There is still sunshine during the day, and the sun is shining, but it is not so cold that it is unbearable.

It’s hard at night, I’ve already covered my feet with a thick quilt and warmed my feet with hot soup, but not long after I got into the quilt, the temperature stolen from the hot soup disappeared completely .

I was huddled up in the thick quilt, but my hands were cold, and I would freeze myself when I hugged myself.

And my feet were even more stiff from the cold, from the bent knees to my thin calves to my toes, they were all cold.

I was shivering and couldn't sleep well.

While tossing and turning, I heard a very light sound, as if someone pushed open the door and came in, and the rustling of clothes came from far and near.

There was a faint cold breath coming from behind him, mixed with a familiar scent of medicine.

My eyes snapped open, and my fingers clenched tightly in the bedding.

The next moment, I felt an extremely light force sticking to my quilt, and a warm spiritual breath slowly came through the quilt, slowly dispelling the chill on my body.

The clenched fingers never let go, but the tense and stiff muscles gradually softened in the warmth. I closed my eyes, buried my face in the quilt, and fell into a deep sleep before I knew it.

Every long night since then, Luo Wuchen will silently convey spiritual power to me, I sleep soundly all night, and when I wake up, the blanket is still warm.

He knew I was awake when he came, and I knew it, and he knew it.

But neither he nor I ever took the initiative to say a word.

I don't speak, because I don't want to talk to him, Luo Wuchen doesn't speak, why?

I didn't think about it.

Eating well and sleeping well, I finally got rid of my previous pitifully thin appearance, my cheeks have rounded curvature, and my wrists have a soft layer of soft flesh, and I can finally see the cuteness during pregnancy One or two.

For some reason this day, I fell asleep in a daze, and I seemed to feel something in my dream, but when I opened my eyes, I saw Luo Wuchen sitting upright by the head of my bed.

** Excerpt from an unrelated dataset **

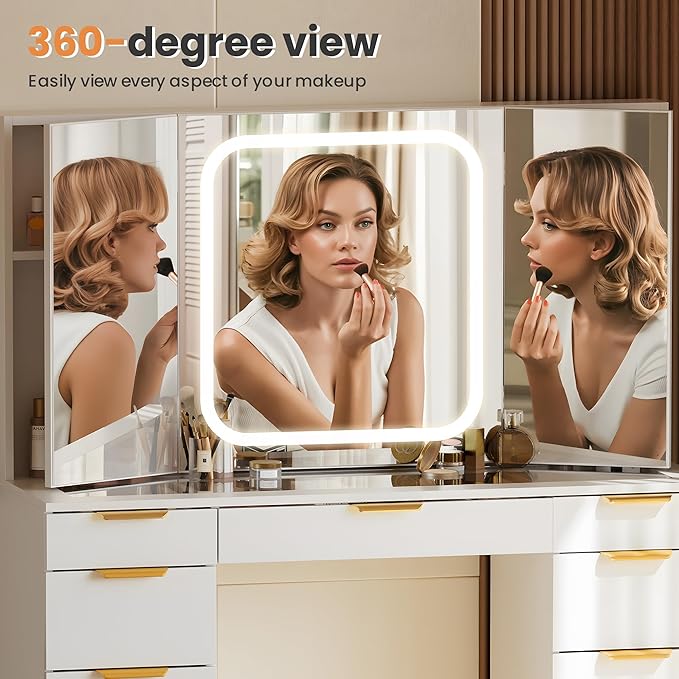 Pamapic 11 Drawers Vanity Desk with Foldable Mirror, Glass Top Makeup Vanity with LED Lights, 3 Lighting Modes, Golden Handles Dressing Table with Chair and Power Outlet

It's not necessarily the head of the bed, to be precise, it's Luo Wuchen meditating on the ground next to my bed.

The thin moonlight shines through the window, and the bamboo house is half-lit and half-dark. I blinked slowly, and slowly got used to the current light.

Under the cover of the night, I looked at Luo Wuchen calmly. I thought I would feel restless when I saw him, but in fact, I didn't feel anything in my heart.

Luo Wuchen closed his eyes, his eyelashes drooping, as if he had fallen asleep from exhaustion.

His back is straight, and through his robe, I can see the jagged shoulder bones underneath, his knuckle fingers resting on his knees, his features are sunken, and his cheeks are thin.

I suddenly discovered that Luo Wuchen has become so thin since I don't know when.

Obviously... I was the one who was tormented by the pregnancy, but looking at him now, he seems to be thinner than me.

My heart seemed to be hit by something suddenly, I frowned slightly, I buried my head in my arms, curled up slowly in the quilt, and protected my swollen belly in the middle.